José Antonio
González Escobar


José Antonio González Escobar


By Joseph Johnston

José Antonio González Escobar was born the 23 of August 1941 in the Mayan community of San Pedro la Laguna. He was the seventh of eight children, four boys and four girls. He and the eighth brother, Rafaé Angel, were the only two to become painters like their father, Rafaé González y González, the first Tz’utuhil Maya oil painter.

When he was young his family moved from the highlands of Guatemala over to Chicacao on the hot coastal side of the San Pedro volcano. It was there that he learned how to paint. His father had the job as the overseer of the workers on a coffee plantation, the Finca Maravillas. His father would come home from work around 5:00 and start to paint. It would get dark, so José Antonio would light candles so that his father could see. It was by watching his father paint that he learned to paint himself. When he painted his first two paintings, a visiting American who his father knew bought them. That was how he began. In 1971 when he was thirty years old he moved to Guatemala City. In 1976 his oldest brother’s son Rafaé came to live with him in Guatemala City. José Antonio taught him about painting and Rafaé did drawings for his paintings. At that time, they had to go door to door selling paintings usually on Sundays their day off. One Sunday a German woman, Dońa Ruth who had a small shop near the big hotels in Guatemala City saw their paintings and bought them all. After that they had a ready market for their paintings and Dońa Ruth became the person who started off the other naive artists who came after José Antonio.

In 1977 José Antonio at the age of 35 traveled to the United States with an exhibition of about 100 paintings of Mayan artists from all over Guatemala.

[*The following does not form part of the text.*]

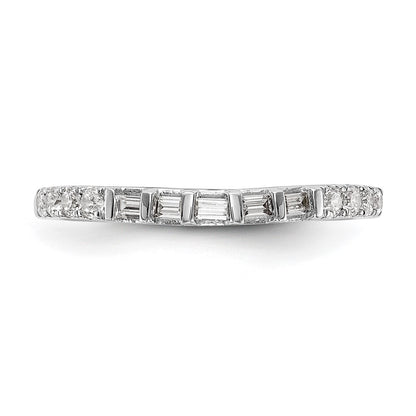 14k White Gold 1/4 carat Round/Baguette Diamond Contoured Complete Wedding Band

This included paintings by his father Rafaé González y González, Juan Sisay of Santiago Atitlán, and Andres Curruchich of San Juan Comalapa. The exhibit was eight days each at four universities in Alabama: The University of Alabama, Tuscaloosa, Birmingham and one other whose name he has forgotten.

 

José Antonio González Escobar in front of the doors to the colonial Catholic church in Comunidad Hermano Pedro, a small village just outside of Antigua Guatemala. José Antonio almost always includes a catholic church centrally in his paintings. He used to own a house in the suburbs of Guatemala City, but when gangs took over the neighborhood, his family was forced to relinquish his home to them and move to a safe place. They now live with relatives of his wife.

José Antonio does not have a name for his style of painting but says that it was very close to the style of his father and very different from the other painters of his hometown of San Pedro or those of San Juan Comalapa. More than his father, he specializes in the Colonial Catholic churches in the Mayan towns of Guatemala. He may paint the church buildings the same, but like the paintings of his father the people in the paintings are always different—in different positions, different dress, different activities.

Since he was a boy in San Pedro the Mayan traditions have undergone a great change. When he was a boy, nobody except the teachers could speak Spanish. Tz’utuhil was the language used by everyone. Now most of the younger people not only speak Spanish, but read and write it. When he was young all the men wore the traditional traje [dress or costume] of San Pedro, but now it is worn mainly by the very old men or only on special occasions.

José Antonio is very proud to be a Mayan and a Mayan from San Pedro la Laguna. Perhaps he is most proud of being the son of the first Tz’utuhil Mayan oil painter. He feels that through his father and the culture of his town, the Mayan traditions live in his heart.